It’s heritage varieties like this, and local apples such as the Askham Pippin and Markham Pippin, that, while tasty, aren’t suited to modern food production. It’s up to specialist collections like Clumber Park’s to keep the tastes of the past alive.

While Clumber has shared cuttings with other collectors before, this year, the cuttings are being shared with collectors to grow in areas beyond the Midlands. Apples prefer to grow in cooler climates and don’t always thrive in the milder winters that the Midlands are more commonly experiencing. By sharing cuttings to grow in different environments, it safeguards their future.

“As they say, ‘you can’t keep all your eggs in one basket’,” said Dale. “The varieties need to go far and wide for a better sense of survival.”
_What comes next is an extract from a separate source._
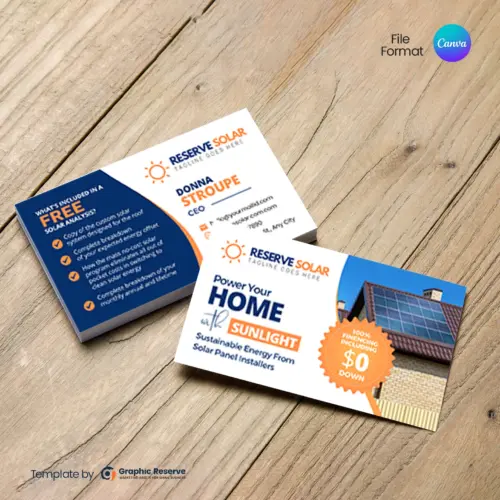 Solar Service Marketing Business Card Design (Canva template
“The heritage varieties in our care have developed and adapted for the microclimate in this area, but if changes occur in the climate or the environment and stop the apples from thriving, then their future is at risk. Our role as horticulturists is to work with other organisations to safeguard the future of these varieties, or they will be lost.”

Each year, the small team of gardeners, supported by an army of 84 keen volunteers, takes care of Clumber Park’s orchards and its Walled Kitchen Garden. They host the annual Apple Day celebrations in autumn and Blossom Week in spring, where they champion the old heritage varieties and raise awareness of their importance. The park is also home to a National Collection of rhubarb.